Make WordPress Core

Opened 8 weeks ago

Last modified 7 weeks ago

#63020 new enhancement

HTML API: Breadcrumbs should include element indices and attributes

Reported by: westonruter's profile westonruter Owned by:
Milestone: 6.9 Priority: normal
Severity: normal Version:
Component: HTML API Keywords: needs-patch
Focuses: Cc:

Description (last modified by westonruter)

The Optimization Detective plugin from the Core Performance Team extends WP_HTML_Tag_Processor with some features from WP_HTML_Processor like get_breadcrumbs() and get_current_depth(). It also introduces its own method get_xpath() which computes an XPath expression to uniquely identify the element, for example:

/HTML/BODY/DIV[@class='wp-site-blocks']/*[1][self::HEADER]/*[1][self::DIV]/*[2][self::IMG]

See full documentation for why the XPath is constructed like this. In short, /HTML and /HTML/BODY lack any node indices since there is no possibility for ambiguity. For children of the BODY, using node indices is not stable since arbitrary HTML may be printed at wp_body_open(), and for this reason it uses the id, role, or class attribute to add a disambiguating XPath predicate.

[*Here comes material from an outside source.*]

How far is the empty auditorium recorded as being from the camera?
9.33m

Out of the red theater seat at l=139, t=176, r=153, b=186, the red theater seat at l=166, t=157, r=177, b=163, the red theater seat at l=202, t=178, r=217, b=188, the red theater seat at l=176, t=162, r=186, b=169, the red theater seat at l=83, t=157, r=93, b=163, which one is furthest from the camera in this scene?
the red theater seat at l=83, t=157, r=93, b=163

For levels below this, elements are referenced as *[1][self::IMG] to target the an element that occurs at a specific position. If this were instead /HEADER[1] it would select the first IMG among other IMG elements, not the first IMG among all siblings. This ensures the XPath only matches an IMG when it is the first child, and it will no longer match if a P is inserted before it, for example.

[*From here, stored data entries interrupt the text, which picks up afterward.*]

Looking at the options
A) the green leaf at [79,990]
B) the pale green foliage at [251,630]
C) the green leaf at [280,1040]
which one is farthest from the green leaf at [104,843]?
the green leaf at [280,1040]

All this to say, WP_HTML_Processor does not keep track of element node indices, and it doesn't expose the attributes for the tags in the open stack (e.g. to get the id, role, or class). This would seem to make it more difficult to implement get_xpath() than maybe it should be. Ideally computing the XPath wouldn't require subclassing at all, and the information could be obtained from existing public methods. In Optimization Detective, the WP_HTML_Tag_Processor class is extended and the next_token() method is overridden so it can construct its own breadcrumbs and then also compute the node indices and capture the attributes at a given depth.

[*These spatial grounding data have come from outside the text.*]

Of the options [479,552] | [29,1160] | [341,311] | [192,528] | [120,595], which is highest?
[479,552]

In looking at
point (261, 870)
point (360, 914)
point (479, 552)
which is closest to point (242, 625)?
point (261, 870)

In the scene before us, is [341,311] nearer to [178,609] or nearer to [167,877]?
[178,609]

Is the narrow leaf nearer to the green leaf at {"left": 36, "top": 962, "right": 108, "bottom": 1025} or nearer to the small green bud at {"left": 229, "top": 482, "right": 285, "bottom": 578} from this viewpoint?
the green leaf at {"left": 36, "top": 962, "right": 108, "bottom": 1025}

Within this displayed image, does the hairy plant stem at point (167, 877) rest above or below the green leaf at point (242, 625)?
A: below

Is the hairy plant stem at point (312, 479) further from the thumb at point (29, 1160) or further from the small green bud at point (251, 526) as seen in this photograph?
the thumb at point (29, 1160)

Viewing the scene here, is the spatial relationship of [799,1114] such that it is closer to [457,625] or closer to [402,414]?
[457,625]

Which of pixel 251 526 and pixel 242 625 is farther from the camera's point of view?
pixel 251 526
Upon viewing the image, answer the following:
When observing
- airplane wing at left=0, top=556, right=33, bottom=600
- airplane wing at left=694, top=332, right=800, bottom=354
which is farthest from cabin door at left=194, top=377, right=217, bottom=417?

All this to say, I suggest that in addition to get_breadcrumbs() that there be a way to get more information from the open stack of tags, including the attributes for each tag and the node index for each.

In other words, it's currently possible to construct an XPath like /HTML/BODY as follows:

<?php
$xpath = array_map(
        function ( string $breadcrumb ): string {
                return "/$breadcrumb";
        },
        $processor->get_breadcrumbs()
);

But I'm proposing something like get_element_breadcrumbs() which would return objects for each open tag on the stack instead of just the tag name. So then you could construct a full unambiguous XPath:

<?php
$xpath = array_map(
        function ( WP_Element $breadcrumb ): string {
                $expression = '/*';
                $expression .= sprintf( '[self::*]', $breadcrumb->get_tag() );
                foreach ( array( 'id', 'role', 'class' ) as $attribute_name ) {
                        $attribute = $breadcrumb->get_attribute( $attribute_name );
                        if ( is_string( $attribute ) ) {
                                $expression .= sprintf( '[@%s="%s"]', $breadcrumb->get_tag(), addcslashes( $attribute, '\\"' ) );
                                break;
                        }
                }
                return $expression;
        },
        $processor->get_element_breadcrumbs()
);

Change History (4)

#1 @flixos90
8 weeks ago

  • Milestone changed from Future Release to 6.9

I think these are great ideas, so putting this into the 6.9 milestone for consideration.

@dmsnell It would be great to get your feedback.

#2 @westonruter
8 weeks ago

  • Description modified (diff)

#3 @westonruter
8 weeks ago

  • Description modified (diff)

#4 @dmsnell
7 weeks ago

As you are probably aware, Automattic has paused contributions to WordPress for the moment and I’m unable to give this ticket deep consideration at the moment. Thanks @flixos90 for reaching out to me.

In the past I have opposed the inclusion of this in the Core classes for a few reasons: there’s a measurable performance impact on eagerly tracking all of the node indices. In addition, this cannot be reliably done in the Tag Processor, so it belongs exclusively in the HTML Processor where those guarantees are possible.

Finally, I suggest leaning hard into the subclass for things that are currently possible. I’m not sure how generic the specific form of XPath construction is going to be outside of the Optimization Detective.

There is an implementation detail I’ve thought a lot about called a “Fir Tree” which would track the locations of all nodes in a document in something not too dissimilar from React’s virtual DOM. There could be ways of deriving the node indices from that approach, though I will not be working on this in the foreseeable future.

Should this end up in Core I would prefer seeing it be an opt-in mechanism, since we’ve tried to make all performance impacts a developer choice, where nothing is surprisingly costly. If it isn’t essential, it’d be best to leave it off until someone needs it.

Thank you both for working on this!

Note: See TracTickets for help on using tickets.